Escenificada la idea original de forma brillante, la comparsa de Bienvenido se presentaba como el “circo currelante independiente sin jefe ni santo patrón”, exhortando a la unión de una clase obrera dividida por los gobernantes para llevar a cabo la revolución de los desheredados, insuflar ánimos a un colectivo “aburguesado por la televisión que los anestesia” que tan sólo “sale a la calle cuando España gana un Mundial”. Rememoraban en el segundo pasodoble de las semifinales al legendario líder de la lucha sindical, Marcelino Camacho, recientemente fallecido, para reflexionar acerca de dónde había ido a parar el movimiento, con unos sindicatos serviles a un gobierno socialista traidor que había originado más de cuatro millones de parados, con una grave incidencia en la propia Cádiz.
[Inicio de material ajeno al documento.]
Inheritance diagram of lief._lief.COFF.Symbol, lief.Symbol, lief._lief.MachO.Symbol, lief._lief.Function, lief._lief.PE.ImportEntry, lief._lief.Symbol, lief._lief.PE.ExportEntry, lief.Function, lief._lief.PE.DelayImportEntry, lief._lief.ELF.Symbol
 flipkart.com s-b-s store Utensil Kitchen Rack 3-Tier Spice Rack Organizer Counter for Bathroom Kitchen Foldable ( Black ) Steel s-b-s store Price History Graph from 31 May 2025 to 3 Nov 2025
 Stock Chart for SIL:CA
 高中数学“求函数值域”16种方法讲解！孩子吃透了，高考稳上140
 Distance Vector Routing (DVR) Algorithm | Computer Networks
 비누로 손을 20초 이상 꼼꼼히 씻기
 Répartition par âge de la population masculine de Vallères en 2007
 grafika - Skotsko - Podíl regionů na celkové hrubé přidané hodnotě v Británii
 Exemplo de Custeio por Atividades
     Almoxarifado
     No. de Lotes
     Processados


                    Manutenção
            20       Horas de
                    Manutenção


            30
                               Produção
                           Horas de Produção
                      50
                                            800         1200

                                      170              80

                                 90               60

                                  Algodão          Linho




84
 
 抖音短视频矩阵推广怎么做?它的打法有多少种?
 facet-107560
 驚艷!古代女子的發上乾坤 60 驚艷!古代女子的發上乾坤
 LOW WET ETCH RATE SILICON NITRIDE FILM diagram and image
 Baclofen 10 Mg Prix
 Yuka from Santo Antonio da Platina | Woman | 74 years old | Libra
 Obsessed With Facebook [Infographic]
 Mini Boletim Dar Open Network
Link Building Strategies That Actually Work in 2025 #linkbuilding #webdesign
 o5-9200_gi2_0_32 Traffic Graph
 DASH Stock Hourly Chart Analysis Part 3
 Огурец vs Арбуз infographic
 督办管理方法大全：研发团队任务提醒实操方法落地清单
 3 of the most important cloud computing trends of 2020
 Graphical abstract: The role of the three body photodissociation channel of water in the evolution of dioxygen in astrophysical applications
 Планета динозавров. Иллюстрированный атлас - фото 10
Eso precisamente es lo que deberíamos preguntarnos todos nosotros. Dónde desembocó ese espíritu irredento de los que lucharon por la democracia; dónde quedaron las revueltas de los estudiantes, “mentalistas de circo sin futuro”,  dónde los malabaristas que jugaban con las pelotas de goma de esa Policía cruel e inconsciente; dónde la valentía de nuestras amas de casa, “ilusionistas que sacan el pan de sus chisteras”, adónde fue el arrojo de los obreros, “equilibristas del andamio”. Este circo de payasos que es nuestra sociedad ha plegado su carpa. Ahora, las actuaciones son en privado; las penas se lloran en solitario; el hambre, una vergüenza íntima.
Los Currelantes se han alzado con el segundo premio del concurso, por detrás de esa poderosa y arriesgada actuación de los transexuales de Los Juana la Loca, y por delante de los locos de Martín Burton; sin embargo, ese poso de crítica, esa incitación sin concesiones a la movilización, merece ser tan sólo el preludio de un cambio de mentalidad, una llamada vital y desesperada a una revolución cantada.